Q: Do I still need traditional function calling if I use code execution? A: Usually yes. Code execution is great for computation and chained logic. Typed function calls remain the right pattern for high-stakes business actions where you want a strict schema and a clean audit trail.
Sources
- the CodeAct paper: Executable Code Actions Elicit Better LLM Agents - Foundational ICML 2024 paper that formalized code-as-action and reported the headline gains over JSON tool calls.
- Claude API Docs: Code execution tool - Reference for Anthropic’s sandboxed Python + Bash execution capability for Claude models.
Expert Takes
The interesting move here is not “let the model write code.” It is changing the action space from a small, discrete menu of tool calls to a Turing-complete language. That single decision is what unlocks composition: loops, conditionals, intermediate variables, library calls. Empirically, that expressiveness translates into shorter trajectories and higher task success — because the agent stops emulating control flow inside a JSON dialect and just writes it.
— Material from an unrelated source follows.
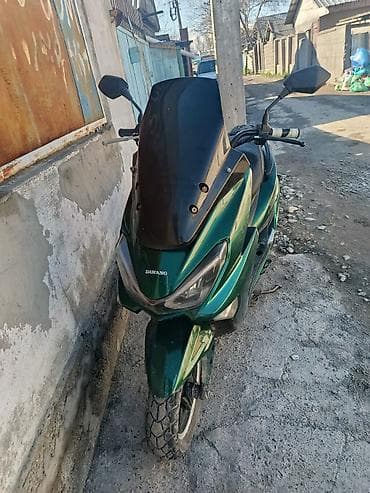 Скутеры at lalafo.kg Скутеры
Specification still wins. A code execution agent without a clear context file is just a faster way to generate the wrong answer. Tell the agent exactly which libraries are available, what the input schema looks like, where outputs go, and what counts as “done.” The sandbox should be boring — fixed Python version, pinned dependencies, no network by default. Determinism comes from the spec, not from the model.
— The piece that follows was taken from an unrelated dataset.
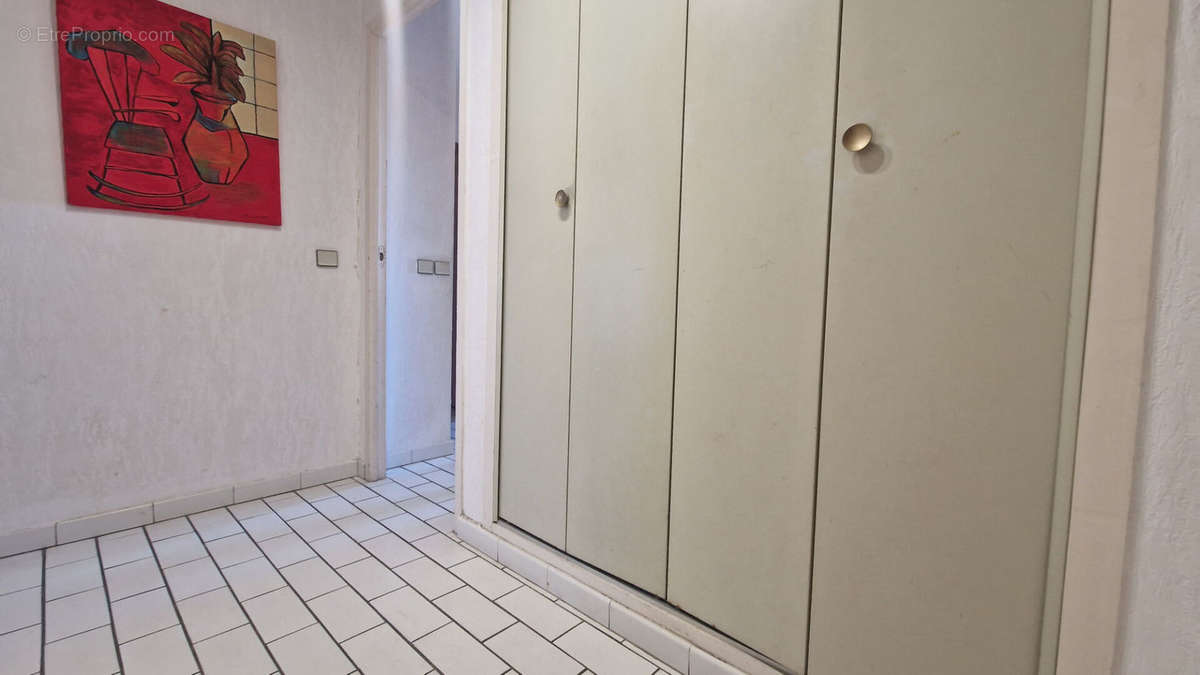 Appartement à CANET-EN-ROUSSILLON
The action layer of agents is consolidating around code, not JSON. The major vendors all ship a hosted interpreter, and open-source frameworks default to code-as-action. For product teams, the strategic read is simple: if your roadmap depends on agents doing real work over user data, the question is no longer whether to use code execution — it is which sandbox provider you trust and what guardrails you wrap around it.
A sandbox is a promise, and promises break. The model writes code that the user never reads, on data the user uploaded in a hurry, in an environment whose exact boundaries the user cannot inspect. When something goes sideways — a leaked file, a runaway loop, an unexpected outbound call — the user has no mental model for what just happened. Who explains it to them, and in language they understand?